The IRS looks for specific signs that indicate willfulness. For example, if you had the authority to direct payments or signed checks while knowing payroll taxes weren’t being paid, you could be on the hook. They’ll also look at whether you were aware of the tax debt and made no effort to ensure it was paid. The government isn’t interested in excuses—they’re interested in compliance.

Criminal Charges Aren’t Off the Table

In the most severe cases, unpaid payroll taxes can lead to criminal charges. If the IRS can prove that there was intent to defraud or that you tried to hide the fact that you weren’t paying, you could be facing more than just a financial penalty. You could be facing jail time. While criminal prosecution is reserved for the most egregious cases, it’s a real threat for those who try to outsmart the system.

The IRS doesn’t need much to make their case. If they find evidence that you intentionally avoided paying payroll taxes while keeping your business afloat, it could be enough for criminal charges. And the penalties for this type of violation? They’re severe. We’re talking about substantial fines and imprisonment.

No Relief in Bankruptcy

The TFRP is like a shadow that follows you everywhere. If your business goes under, the penalty sticks. If you declare bankruptcy, the penalty sticks. It’s a financial burden that is nearly impossible to shake off until it’s paid in full. Since these taxes are considered a fiduciary responsibility, they are not dischargeable in bankruptcy. That means you’ll still owe the full amount, regardless of your financial situation.
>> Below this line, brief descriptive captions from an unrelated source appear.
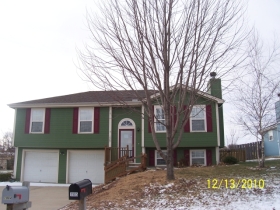 1905 CHESTNUT DR, PLEASANT HILL, MO 64080 
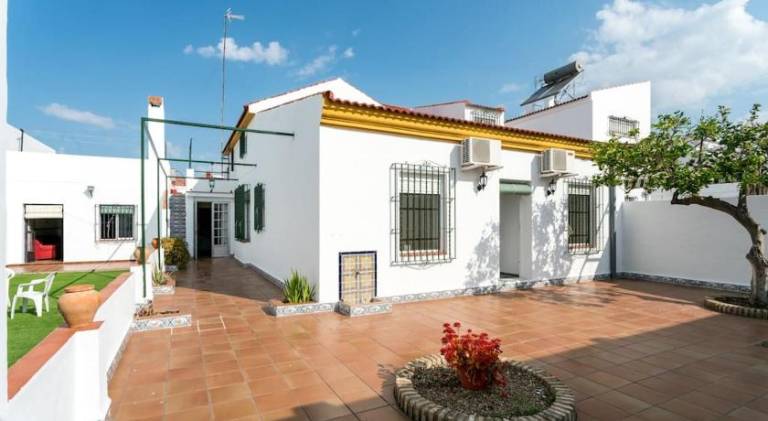 Casa  Villamanrique de la Condesa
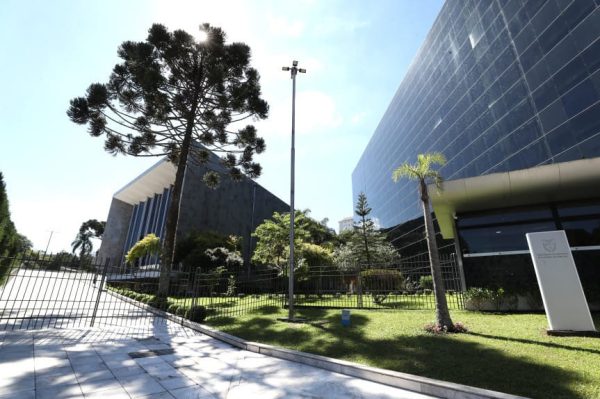 2oudoRXaA7YqH2B2p36zqejusKPK2PryqLapydKX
Defending Against the TFRP

While the TFRP is a formidable weapon, it’s not without defenses. If you’re facing liability, you may be able to argue that you weren’t responsible for payroll decisions. Proving that you didn’t have the authority to direct payments could relieve you of personal liability. Alternatively, if you can demonstrate that your non-payment wasn’t willful—such as being misled by others or lacking the necessary information—you might have a defense.

Finally, you always have the right to appeal the penalty. The IRS has administrative processes in place, and if necessary, you can take the matter to court.

If you’re dealing with a Trust Fund Recovery Penalty or think you may be at risk, contact the experienced attorneys at Weisberg Kainen Mark at (305) 374-5544 to discuss your options. Don’t wait until the IRS is knocking on your door.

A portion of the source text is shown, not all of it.